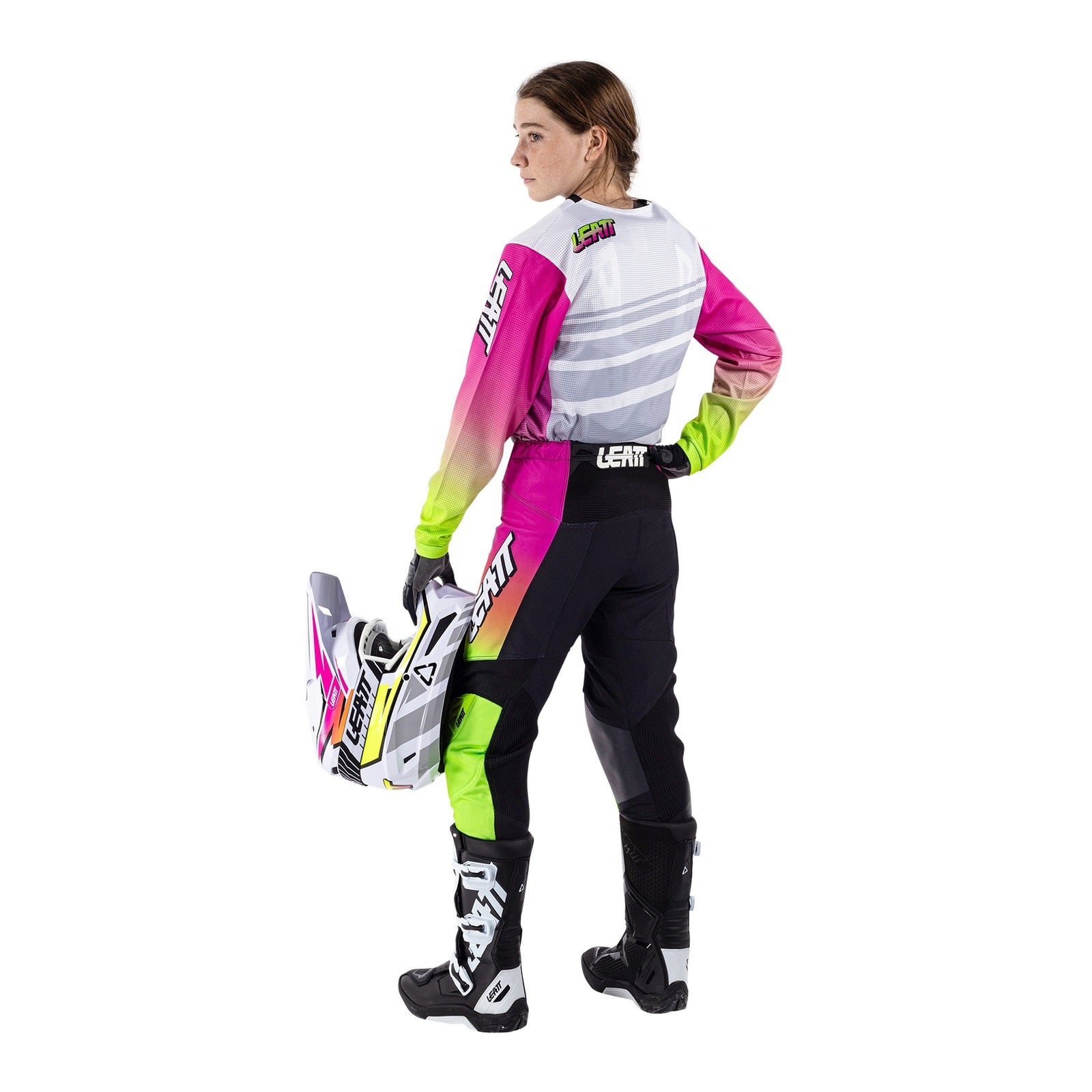 Leatt 3.5 Ride Kit Junior - Retro Pink (XL/EU150/160CM) LE5026001105#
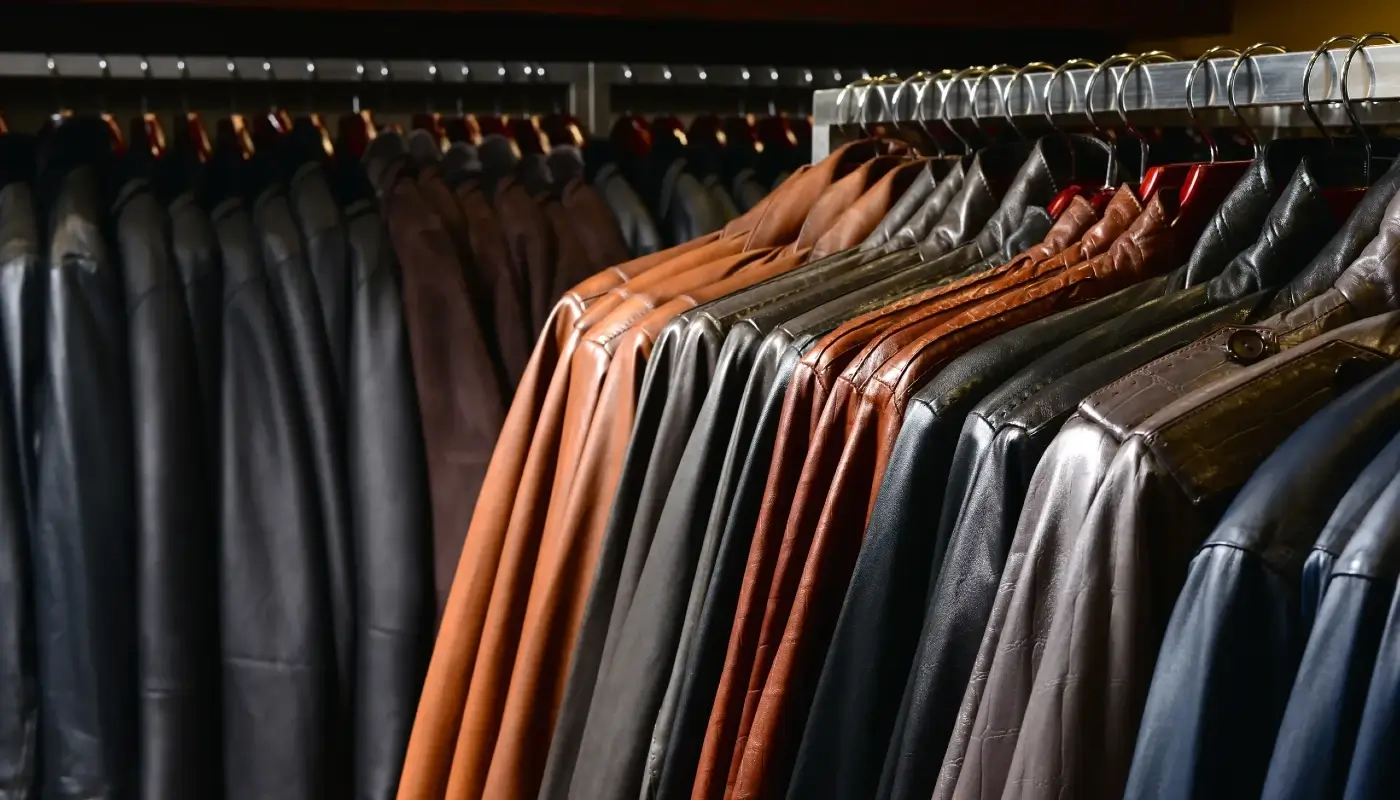 Dehumidifier for leather storage protecting finished leather jackets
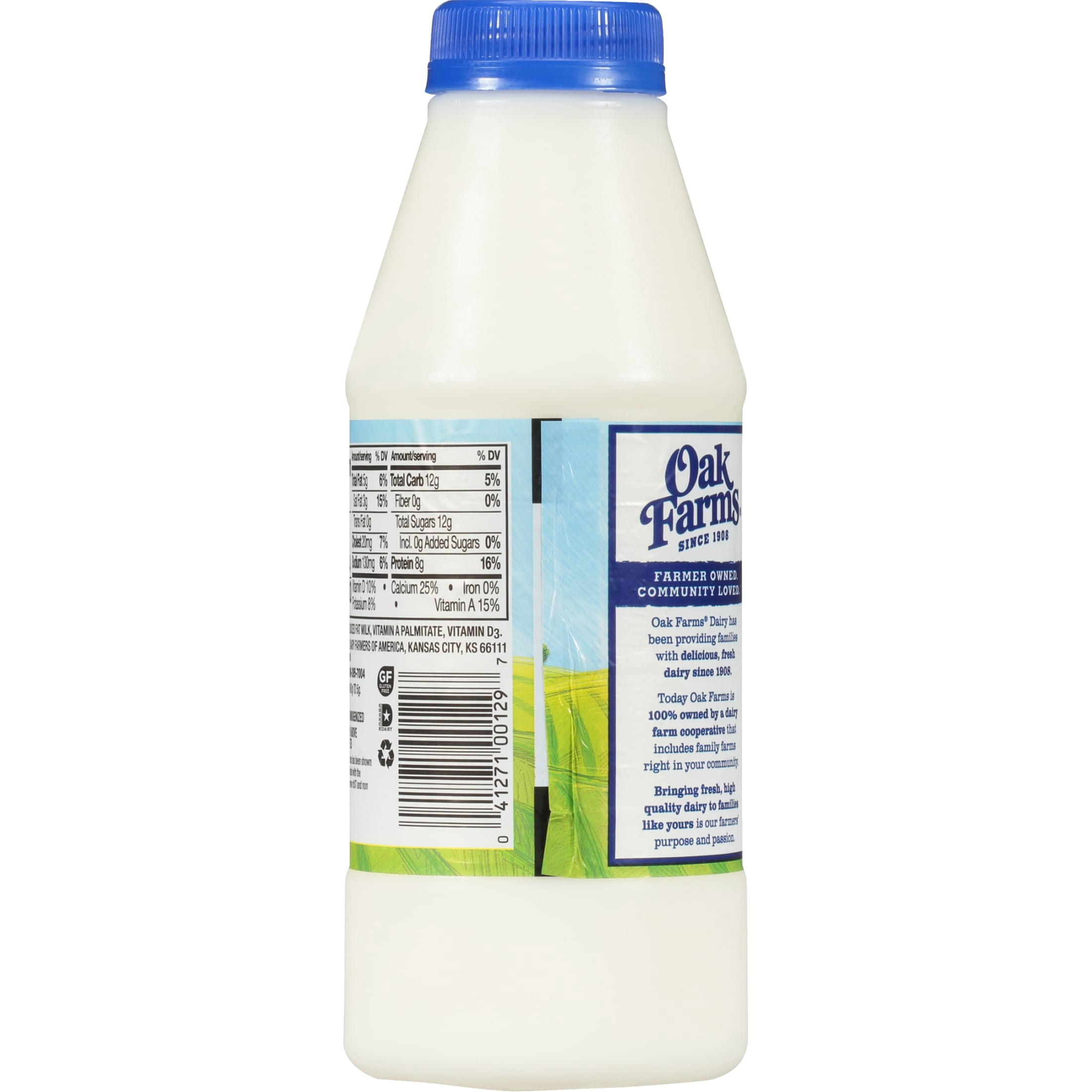 Oak Farms 2% Reduced Fat Milk, Pint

_REQUIRED WORK_: Reproduce the whole of the data, word for word, and omit its pictures.

_YOUR RESPONSE_:
 Leatt 3.5 Ride Kit Junior - Retro Pink (XL/EU150/160CM) LE5026001105#
 Dehumidifier for leather storage protecting finished leather jackets
 Oak Farms 2% Reduced Fat Milk, Pint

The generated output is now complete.